Las Médulas, en la comarca de El Bierzo, no es un paisaje natural. Es una cicatriz. Una herida de un rojo imposible, infligida a la tierra por el Imperio Romano en su insaciable sed de oro. Es un laberinto de pináculos de arcilla, bosques de castaños centenarios y, bajo la superficie, una red de túneles y galerías tan vasta que nadie, en dos milenios, ha logrado cartografiarla por completo. Es un lugar de una belleza sobrecogedora y un peligro latente. En abril de 2013, este paisaje monumental se tragó a una familia entera.
La familia Martínez no era ajena a la aventura.
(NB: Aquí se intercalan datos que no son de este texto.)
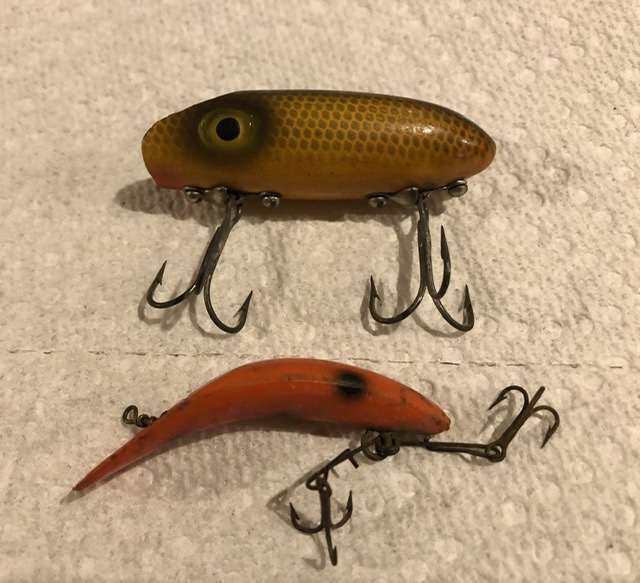 Lures you want to bring back? - Page 3 - Fishing Tackle - Bass Fishing  Forums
Miguel, el padre, era un profesor de historia de secundaria en Ponferrada, un hombre corpulento de risa fácil y una pasión casi obsesiva por el pasado romano de la región. Elena, su esposa, era farmacéutica, la organizadora, la que siempre llevaba tiritas, agua extra y un sentido común que equilibraba el entusiasmo a veces imprudente de Miguel. Iban con ellos sus dos hijos: Sofía, de doce años, una niña observadora y tranquila que había heredado la prudencia de su madre, y Lucas, de siete, un torbellino de energía que solo se detenía para hacer preguntas incesantes sobre dinosaurios y legionarios.
Era un sábado de abril, uno de esos días de primavera en El Bierzo en que el aire es tan claro que las montañas parecen estar al alcance de la mano. El plan era sencillo: una ruta de senderismo por el sendero principal, la Senda Perimetral. Querían llegar al Mirador de Orellán, donde se puede contemplar la inmensidad de la mina a cielo abierto, y luego quizás explorar la Cuevona y La Encantada, dos de las cuevas más accesibles.
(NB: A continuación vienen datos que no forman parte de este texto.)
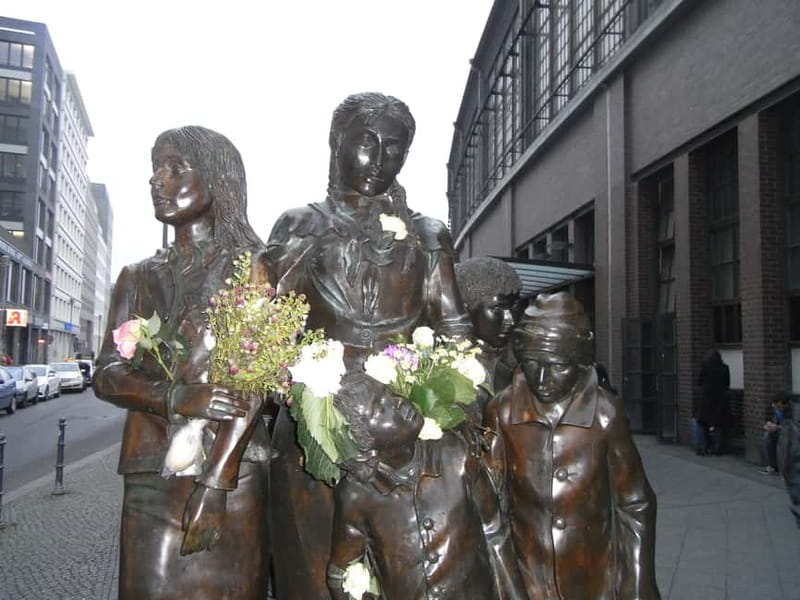 Berlin‘s Jewish Heritage Private Tour With Jacob - Price and Value for a Group of Up to Six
Su monovolumen gris entró en el aparcamiento del Centro de Recepción de Visitantes poco después de las diez de la mañana. Ramón, el encargado del centro, un hombre curtido por el sol de la región, los recuerda perfectamente. “Compraron cuatro botellas de agua y un mapa, aunque Miguel bromeó diciendo que conocía aquello como la palma de su mano”, relataría Ramón meses después, con la voz rota, a la Guardia Civil. “El niño, Lucas, no paraba de saltar. Le dije a Miguel lo de siempre: que tuvieran cuidado, que el terreno es traicionero y que por nada del mundo se salieran de los senderos señalizados”.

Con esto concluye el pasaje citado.